Talks on the issue again brought forward latent trade tensions, with agricultural exporting countries in Latin America expressing caution about the proposed new commitments. Sources said that EU members had favoured strong new language on the topic.
Ministers eventually agreed on steps such as requiring treatment with antibiotics to be prescribed by veterinarians or other people who had first received appropriate training.
Sources told Bridges that the sensitivity of the issue had meant talks had progressed in successive spurts, with officials frequently having to call their capitals to consult chief veterinary officers on the proposals that were being made.
Information technology in farming
The G-20 ministers’ action plan also instructs the group’s agriculture deputies to consider recommendations on information and communication technology (ICT) that were put forward in a report by the United Nations Food and Agriculture Organization (FAO), with inputs from other international agencies.

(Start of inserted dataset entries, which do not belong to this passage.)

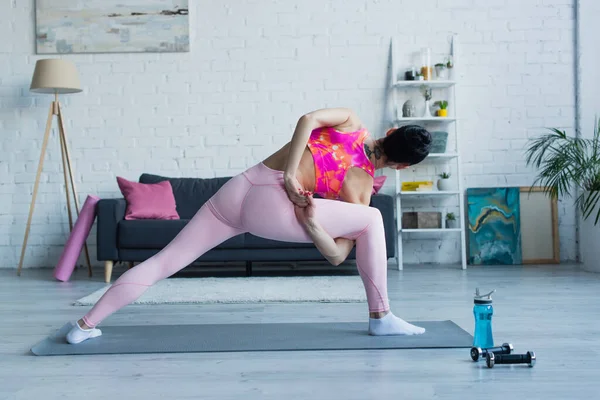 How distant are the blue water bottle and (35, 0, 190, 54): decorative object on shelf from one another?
4160mm

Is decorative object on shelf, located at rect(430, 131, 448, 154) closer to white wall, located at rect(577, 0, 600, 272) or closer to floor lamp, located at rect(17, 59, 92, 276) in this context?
white wall, located at rect(577, 0, 600, 272)

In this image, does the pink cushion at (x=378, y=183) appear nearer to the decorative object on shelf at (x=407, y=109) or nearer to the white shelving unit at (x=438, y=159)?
the white shelving unit at (x=438, y=159)

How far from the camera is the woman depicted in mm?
2346

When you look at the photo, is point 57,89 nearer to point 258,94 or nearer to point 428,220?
point 258,94

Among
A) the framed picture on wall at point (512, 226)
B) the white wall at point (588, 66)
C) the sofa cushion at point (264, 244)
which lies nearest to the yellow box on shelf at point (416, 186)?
the framed picture on wall at point (512, 226)

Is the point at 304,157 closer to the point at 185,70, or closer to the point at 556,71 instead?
the point at 185,70

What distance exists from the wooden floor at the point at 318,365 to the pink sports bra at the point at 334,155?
2.09ft

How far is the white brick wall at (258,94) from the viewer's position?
575 cm

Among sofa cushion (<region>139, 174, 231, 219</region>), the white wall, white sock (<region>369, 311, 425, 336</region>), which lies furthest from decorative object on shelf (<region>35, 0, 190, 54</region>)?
white sock (<region>369, 311, 425, 336</region>)

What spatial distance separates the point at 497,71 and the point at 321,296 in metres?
3.04

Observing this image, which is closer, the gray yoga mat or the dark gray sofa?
the gray yoga mat

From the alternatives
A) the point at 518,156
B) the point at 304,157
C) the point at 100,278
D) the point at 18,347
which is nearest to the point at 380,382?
the point at 304,157

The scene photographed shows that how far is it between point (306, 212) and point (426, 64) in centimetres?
358

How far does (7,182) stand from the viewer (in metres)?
5.79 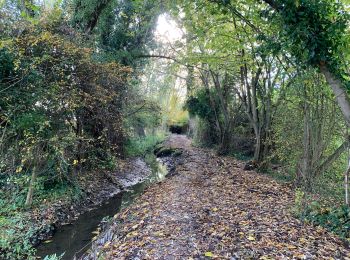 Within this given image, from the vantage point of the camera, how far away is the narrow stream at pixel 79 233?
5.90m

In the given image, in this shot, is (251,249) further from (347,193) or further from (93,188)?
(93,188)

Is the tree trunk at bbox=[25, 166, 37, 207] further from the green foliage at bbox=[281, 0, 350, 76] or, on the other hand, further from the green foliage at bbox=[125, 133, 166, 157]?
the green foliage at bbox=[125, 133, 166, 157]

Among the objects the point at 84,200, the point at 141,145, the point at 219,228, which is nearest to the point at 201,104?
the point at 141,145

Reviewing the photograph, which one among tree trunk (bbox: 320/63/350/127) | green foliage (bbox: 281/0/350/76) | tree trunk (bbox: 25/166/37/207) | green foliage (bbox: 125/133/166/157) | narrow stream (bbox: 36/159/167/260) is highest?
green foliage (bbox: 281/0/350/76)

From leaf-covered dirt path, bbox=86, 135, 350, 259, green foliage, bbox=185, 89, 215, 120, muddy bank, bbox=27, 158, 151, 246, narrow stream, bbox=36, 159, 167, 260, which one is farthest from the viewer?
green foliage, bbox=185, 89, 215, 120

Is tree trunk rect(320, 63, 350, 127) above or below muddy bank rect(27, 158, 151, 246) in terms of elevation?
above

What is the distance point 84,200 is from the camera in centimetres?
892

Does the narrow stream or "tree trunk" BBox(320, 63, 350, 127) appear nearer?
"tree trunk" BBox(320, 63, 350, 127)

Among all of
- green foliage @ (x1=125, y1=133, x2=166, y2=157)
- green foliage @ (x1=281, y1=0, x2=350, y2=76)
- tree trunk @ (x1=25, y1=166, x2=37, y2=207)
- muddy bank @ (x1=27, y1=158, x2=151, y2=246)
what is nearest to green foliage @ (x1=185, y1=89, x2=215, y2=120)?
green foliage @ (x1=125, y1=133, x2=166, y2=157)

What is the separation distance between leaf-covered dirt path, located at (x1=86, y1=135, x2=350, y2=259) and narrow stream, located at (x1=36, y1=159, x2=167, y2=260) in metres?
0.71

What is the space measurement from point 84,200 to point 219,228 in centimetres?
520

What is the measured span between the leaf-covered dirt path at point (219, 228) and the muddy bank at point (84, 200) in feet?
5.36

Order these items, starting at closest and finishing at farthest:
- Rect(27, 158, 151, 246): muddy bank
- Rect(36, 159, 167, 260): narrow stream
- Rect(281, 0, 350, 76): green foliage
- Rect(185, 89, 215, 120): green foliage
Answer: Rect(281, 0, 350, 76): green foliage
Rect(36, 159, 167, 260): narrow stream
Rect(27, 158, 151, 246): muddy bank
Rect(185, 89, 215, 120): green foliage

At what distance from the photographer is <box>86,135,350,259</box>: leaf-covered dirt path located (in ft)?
14.2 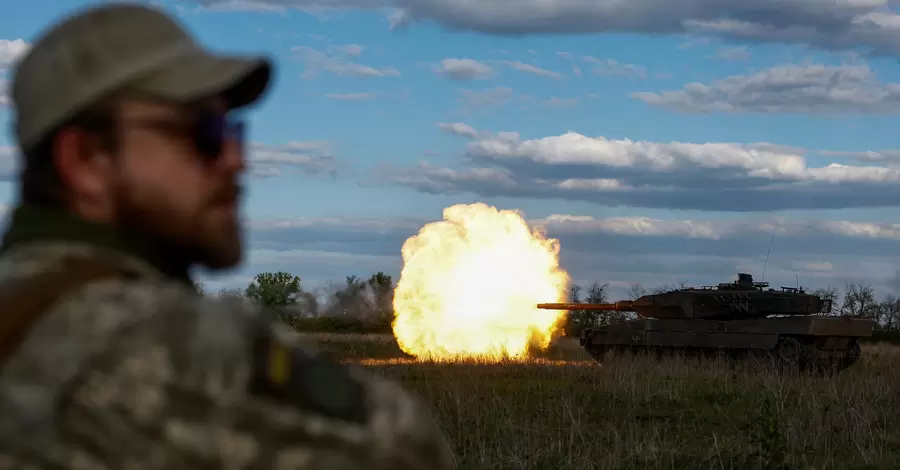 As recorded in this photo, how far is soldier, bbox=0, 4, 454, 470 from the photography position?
116 cm

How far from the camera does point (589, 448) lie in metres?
9.53

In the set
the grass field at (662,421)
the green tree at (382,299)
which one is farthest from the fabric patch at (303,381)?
the green tree at (382,299)

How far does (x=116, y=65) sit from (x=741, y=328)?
24069 millimetres

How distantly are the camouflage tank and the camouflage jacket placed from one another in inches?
901

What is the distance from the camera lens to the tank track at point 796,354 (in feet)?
76.1

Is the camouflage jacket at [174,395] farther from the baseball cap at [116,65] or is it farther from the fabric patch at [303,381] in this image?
the baseball cap at [116,65]

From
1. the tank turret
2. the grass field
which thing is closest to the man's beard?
the grass field

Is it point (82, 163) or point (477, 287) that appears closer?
point (82, 163)

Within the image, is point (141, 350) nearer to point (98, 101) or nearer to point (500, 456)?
point (98, 101)

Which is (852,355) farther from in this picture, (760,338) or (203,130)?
(203,130)

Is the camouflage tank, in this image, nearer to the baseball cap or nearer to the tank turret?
the tank turret

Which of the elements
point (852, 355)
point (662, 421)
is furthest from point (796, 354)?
Result: point (662, 421)

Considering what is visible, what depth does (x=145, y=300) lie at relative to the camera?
1.19 metres

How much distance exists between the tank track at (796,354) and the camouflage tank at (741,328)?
21 millimetres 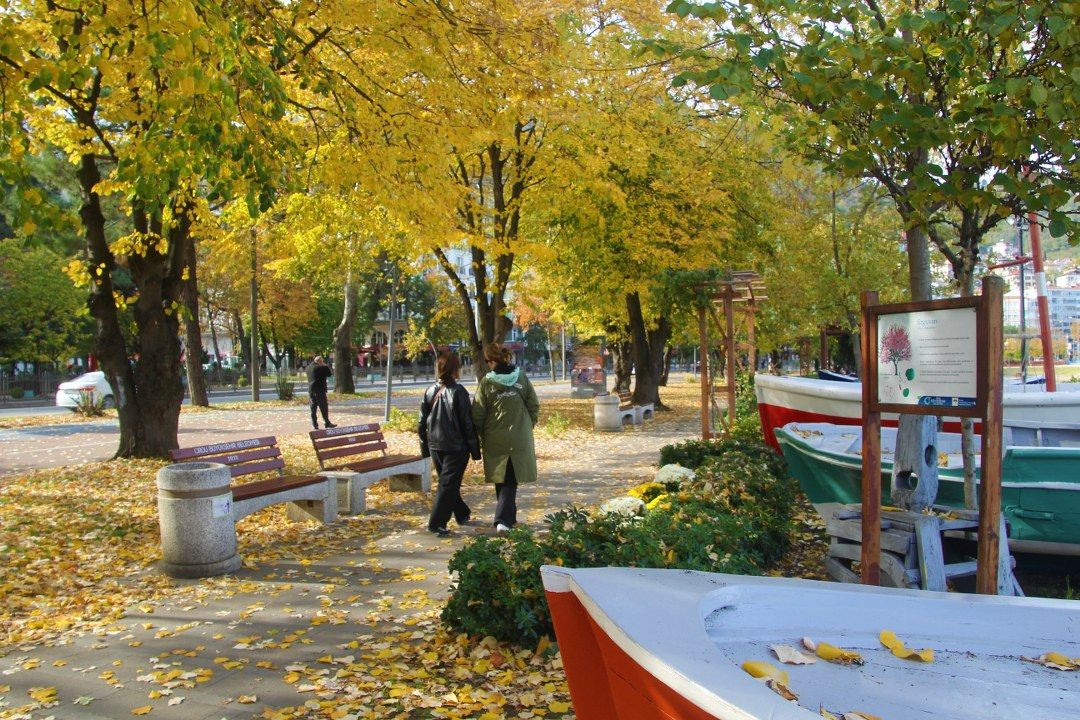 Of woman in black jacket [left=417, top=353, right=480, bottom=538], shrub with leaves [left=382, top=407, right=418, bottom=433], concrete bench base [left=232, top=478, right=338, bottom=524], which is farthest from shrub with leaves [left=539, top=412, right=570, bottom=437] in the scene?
woman in black jacket [left=417, top=353, right=480, bottom=538]

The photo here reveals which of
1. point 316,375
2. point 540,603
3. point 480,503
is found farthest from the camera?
point 316,375

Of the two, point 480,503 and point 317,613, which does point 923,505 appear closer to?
point 317,613

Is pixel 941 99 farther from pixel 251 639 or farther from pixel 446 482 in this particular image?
pixel 251 639

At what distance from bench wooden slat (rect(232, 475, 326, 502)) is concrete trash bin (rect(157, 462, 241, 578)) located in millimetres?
710

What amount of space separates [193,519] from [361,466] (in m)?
3.21

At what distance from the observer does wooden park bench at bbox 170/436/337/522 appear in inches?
293

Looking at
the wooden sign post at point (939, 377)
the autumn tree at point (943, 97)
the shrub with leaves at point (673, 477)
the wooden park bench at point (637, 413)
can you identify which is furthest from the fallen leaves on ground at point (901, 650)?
the wooden park bench at point (637, 413)

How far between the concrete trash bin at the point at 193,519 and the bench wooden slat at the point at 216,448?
0.86 m

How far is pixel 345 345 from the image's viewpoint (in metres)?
34.6

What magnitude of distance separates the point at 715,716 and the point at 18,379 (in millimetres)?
43514

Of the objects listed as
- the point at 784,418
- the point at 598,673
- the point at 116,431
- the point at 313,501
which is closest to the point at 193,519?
the point at 313,501

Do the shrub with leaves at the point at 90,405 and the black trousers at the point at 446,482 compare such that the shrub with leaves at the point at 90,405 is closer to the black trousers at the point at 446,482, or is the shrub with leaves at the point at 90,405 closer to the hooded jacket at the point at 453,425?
the black trousers at the point at 446,482

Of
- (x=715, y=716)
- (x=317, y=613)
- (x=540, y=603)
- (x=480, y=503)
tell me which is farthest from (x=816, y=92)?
(x=480, y=503)

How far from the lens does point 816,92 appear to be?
4.96 m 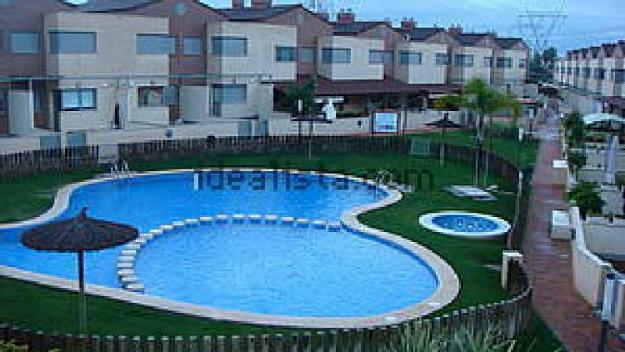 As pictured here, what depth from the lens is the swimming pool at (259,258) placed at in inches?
635

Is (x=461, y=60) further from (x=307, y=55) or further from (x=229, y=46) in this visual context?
(x=229, y=46)

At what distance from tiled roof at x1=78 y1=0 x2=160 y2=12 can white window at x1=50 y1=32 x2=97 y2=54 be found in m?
5.77

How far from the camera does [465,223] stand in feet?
74.5

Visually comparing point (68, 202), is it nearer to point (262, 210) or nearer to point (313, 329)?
point (262, 210)

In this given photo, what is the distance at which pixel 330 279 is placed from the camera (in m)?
17.9

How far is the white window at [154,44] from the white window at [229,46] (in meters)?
2.82

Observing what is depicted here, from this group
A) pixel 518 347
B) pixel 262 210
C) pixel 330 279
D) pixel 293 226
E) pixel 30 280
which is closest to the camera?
pixel 518 347

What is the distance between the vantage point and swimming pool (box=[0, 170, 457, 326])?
16.1 metres

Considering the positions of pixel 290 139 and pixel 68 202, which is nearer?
pixel 68 202

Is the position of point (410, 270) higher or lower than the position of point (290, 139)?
lower

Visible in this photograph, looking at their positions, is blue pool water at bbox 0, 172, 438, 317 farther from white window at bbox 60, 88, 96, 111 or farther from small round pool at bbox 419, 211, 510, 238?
white window at bbox 60, 88, 96, 111

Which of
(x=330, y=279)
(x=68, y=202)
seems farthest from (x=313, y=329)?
(x=68, y=202)

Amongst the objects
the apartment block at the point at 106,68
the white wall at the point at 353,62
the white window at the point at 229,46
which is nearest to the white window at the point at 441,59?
the white wall at the point at 353,62

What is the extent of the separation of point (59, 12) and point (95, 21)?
1.80 metres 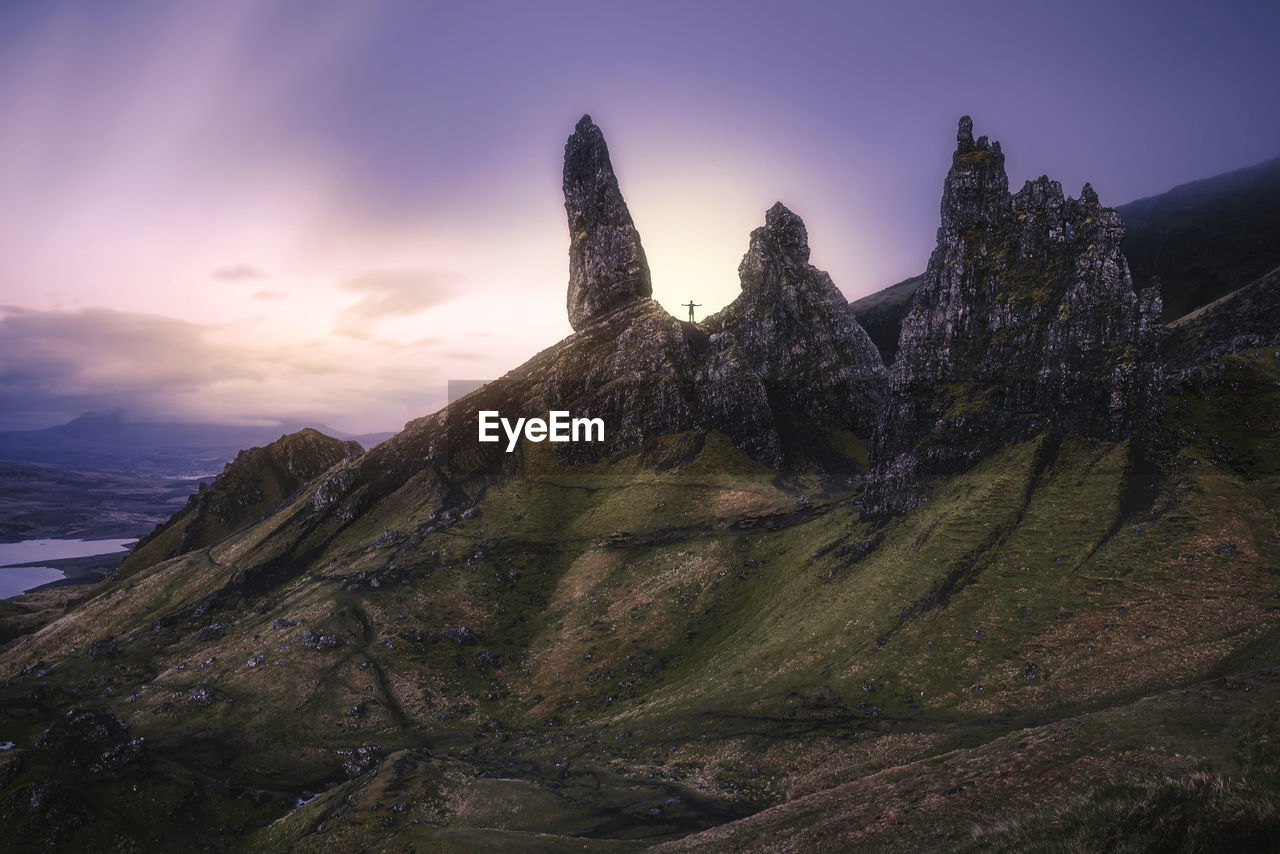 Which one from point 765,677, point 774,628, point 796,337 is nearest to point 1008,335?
point 774,628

When G-20 agriculture ministers met last June in Xi’an, China, they stepped back from earlier proposals to launch a new platform on information and communications technology.
“We will strengthen our efforts to improve the ICT skills of farmers and farm workers via training, education, and agricultural extension services,” said the action plan, which singled out in particular the needs of smallholders, women, and youth.
Taking stock of actions
G-20 agriculture ministers also agreed they would take stock of the actions they had launched since France held the group’s presidency in 2011. With food prices unusually high and volatile at the time, the French G-20 presidency saw member countries agree to a swathe of initiatives of food security, ranging from measures to improve the transparency of market information in agriculture through to agreements on export restrictions affecting humanitarian food aid.
Since then, while some G-20 hosts have moved to launch new initiatives or build consensus around particular ideas, others decided not to convene meetings of agriculture ministers at all during their presidency. At the Xi’an ministerial, the G-20 agreed for the first time that the group’s agriculture ministers should meet regularly.
With the stock-taking exercise due to be carried out under the upcoming Argentine G-20 presidency, the Berlin declaration instructed the ministers’ deputies to prepare terms of reference for the initiative beforehand.